Wherein having Fernandez’s system of object detection particularly for vehicles wherein the one or more components of the vehicle comprise at least one of: one or more taillights of the vehicle or a license plate of the vehicle.
The motivation behind the modification would have been to allow for more accurate data to be obtained, since both Fernandez and Wilbert are both systems that use detection of parts of a car. Wherein Fernandez’s system wherein improved the accuracy of the data obtained, while Wilbert’s system provides a further increase in accuracy of obtaining data. Please see Fernandez et al. (US 20140133698 A1), Paragraph [0069] and Wilbert et al. (US 20180300578 A1), Paragraph [0101 and 00182]).
Claims 10, 20, and 30 are rejected under 35 U.S.C 103 as being unpatentable over Fernandez et al. (US 20140133698 A1) hereafter referenced as Fernandez in view of Takahashi et al (US 20160014406 A1) hereafter referenced as Takahashi, Liu et al. (US 20190103026 A1) hereafter referenced as Liu, and Tan et al (US 20230005173 A1) hereafter referenced as Tan and further in view of Lubbe et al (Brake reactions of distracted drivers to pedestrian Forward Collision Warning systems) hereafter referenced as Lubbe.

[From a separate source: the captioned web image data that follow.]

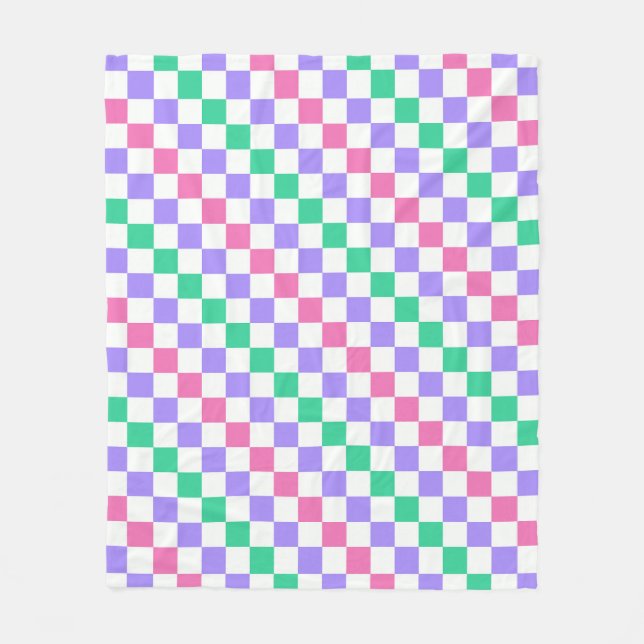 Candy shop diagonal checkerboard pattern fleecefilt (Framsidan)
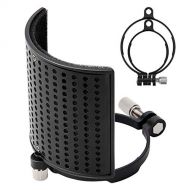 Pop Filter, Moukey [Upgraded Three Layers] Metal Panel & Metal Mesh & Advanced Filter Foam Layer Microphone Windscreen Cover Handheld Mic Shield Mask, for BLUE YETI, AT2020, AT2050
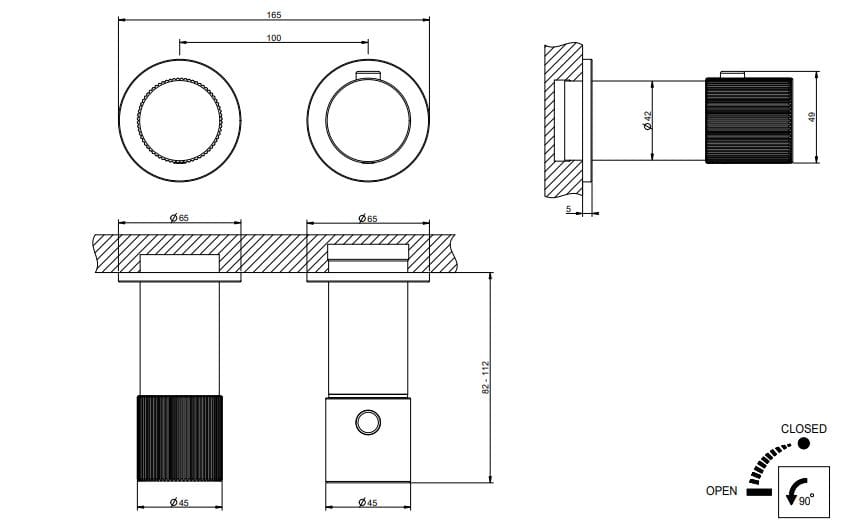 Хром латунь термостатический смеситель для душа Gessi Habito ARCH-00083224 - Вид №2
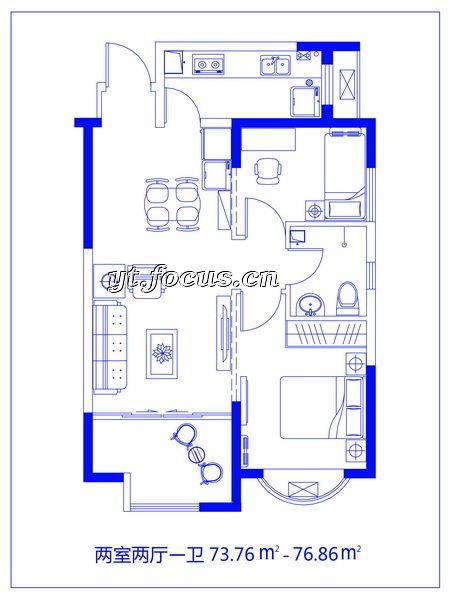 黃金家園戶型3-兩室兩廳一衛戶型圖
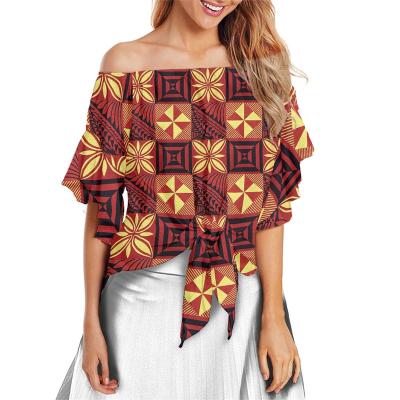 China Brown Tapa Print Custom Women Sexy Samoan Polynesian Tribal Shirt Tops Bandage Summer Chiffon Casual Blouse Off The Shoulder Tops for sale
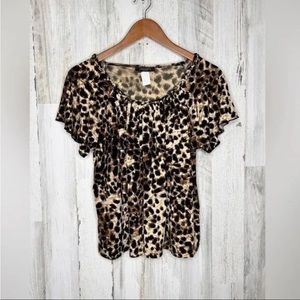 Jondon Petits VINTAGE Women's Cheetah Print Top Tan Brown Size LP
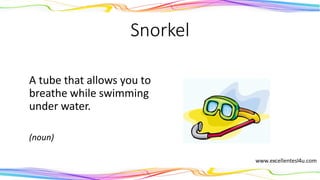 Snorkel
A tube that allows you to
breathe while swimming
under water.
(noun)
 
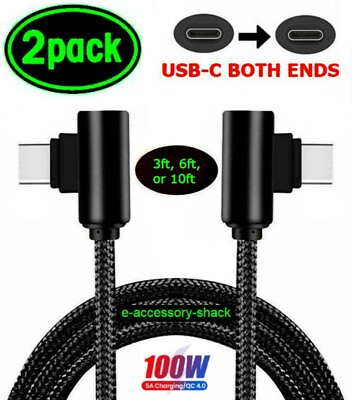 #ad 2 PACK 90 Degree Angle USB C to USB C Charger Cable Fast Charging Type Sync Cord $7.59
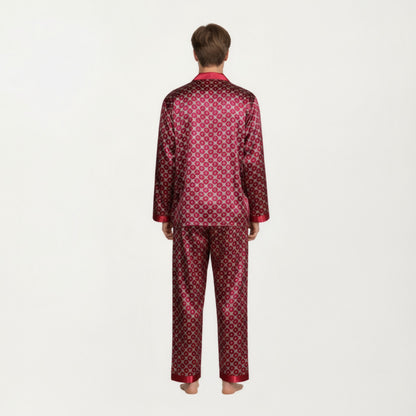 Anna-Kaci Men's 2-Piece Set Satin Pajamas with Geometric Print Contrast Collar and Button-Up Top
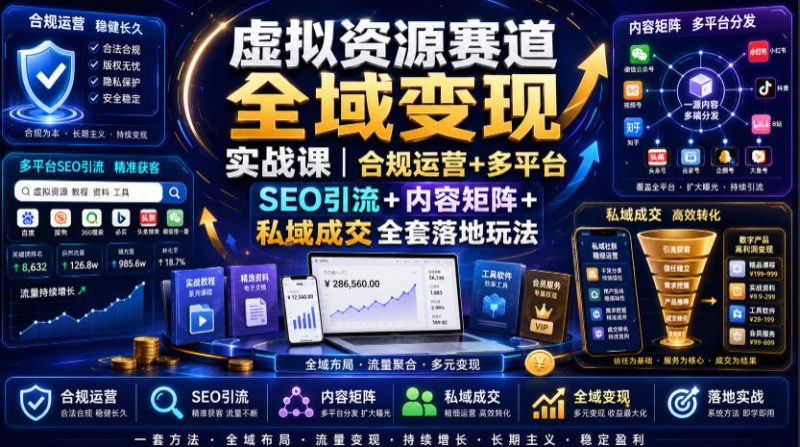 虚拟资源赛道全域变现实战课｜合规运营+多平台SEO引流+内容矩阵+私域成交全套落地玩法-大伟资源网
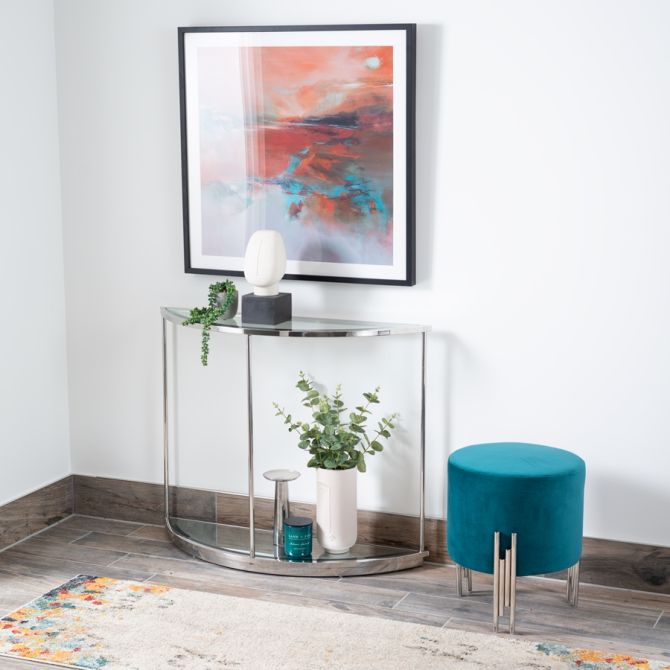 Rippon Silver Curved Console Table - Image #0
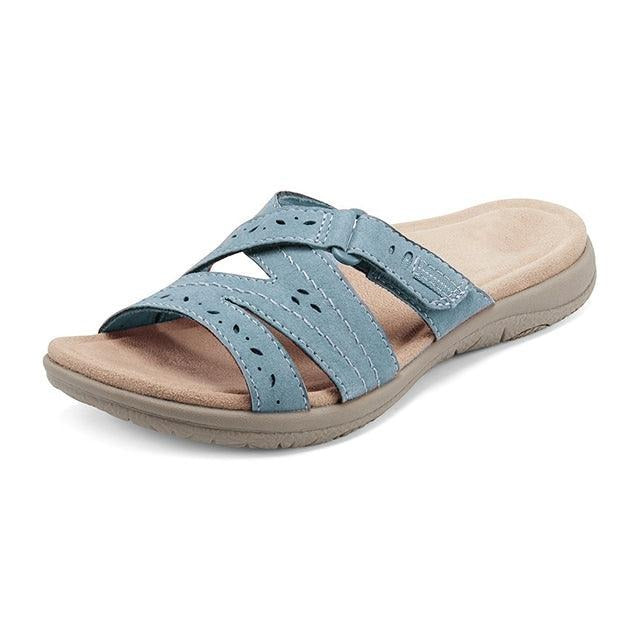 Claquette orthopédique femme à semelle amortissante bleu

Regarding claim 10, Fernandez in view of Takahashi, Liu, and Tan the method of Claim 1,
Fernandez explicitly teaches, wherein the identified at least one action comprises at least one of: an adjustment to at least one of (Fig. 6, Paragraph [0053]- Fernandez discloses in response to the detection, the FCW system may take an appropriate action such as warning the driver or applying brakes.):
a braking of the vehicle (Fig. 6, Paragraph [0053]- Fernandez discloses in response to the detection, the FCW system may take an appropriate action such as warning the driver or applying brakes.);
Fernandez and Tan fail to explicitly teach a steering of a vehicle, a speed of the vehicle, and acceleration of the vehicle.
However, Takahashi explicitly teaches a steering of a vehicle (Fig. 1, Paragraph [0112]- Takahashi discloses the vehicle drive control unit 104 performs the cruise assist control such as reporting a warning to a driver of the vehicle 100, and controlling the steering and brakes of the vehicle),
a speed of the vehicle (Fig. 1, Paragraph [0121]- Takahashi discloses when performing these processing, vehicle operation information such as vehicle speed, acceleration (acceleration in front-to-rear direction of vehicle), steering angle, and yaw rate of the vehicle 100 can be input using the data IF 124, and such information can be used as parameters for various processing. Data output to the external unit can be used as input data used for controlling various devices of the vehicle 100 such as brake control, vehicle speed control, and warning control.),
an acceleration of the vehicle (Fig. 1, Paragraph [0121]- Takahashi discloses when performing these processing, vehicle operation information such as vehicle speed, acceleration (acceleration in front-to-rear direction of vehicle), steering angle, and yaw rate of the vehicle 100 can be input using the data IF 124, and such information can be used as parameters for various processing. Data output to the external unit can be used as input data used for controlling various devices of the vehicle 100 such as brake control, vehicle speed control, and warning control.).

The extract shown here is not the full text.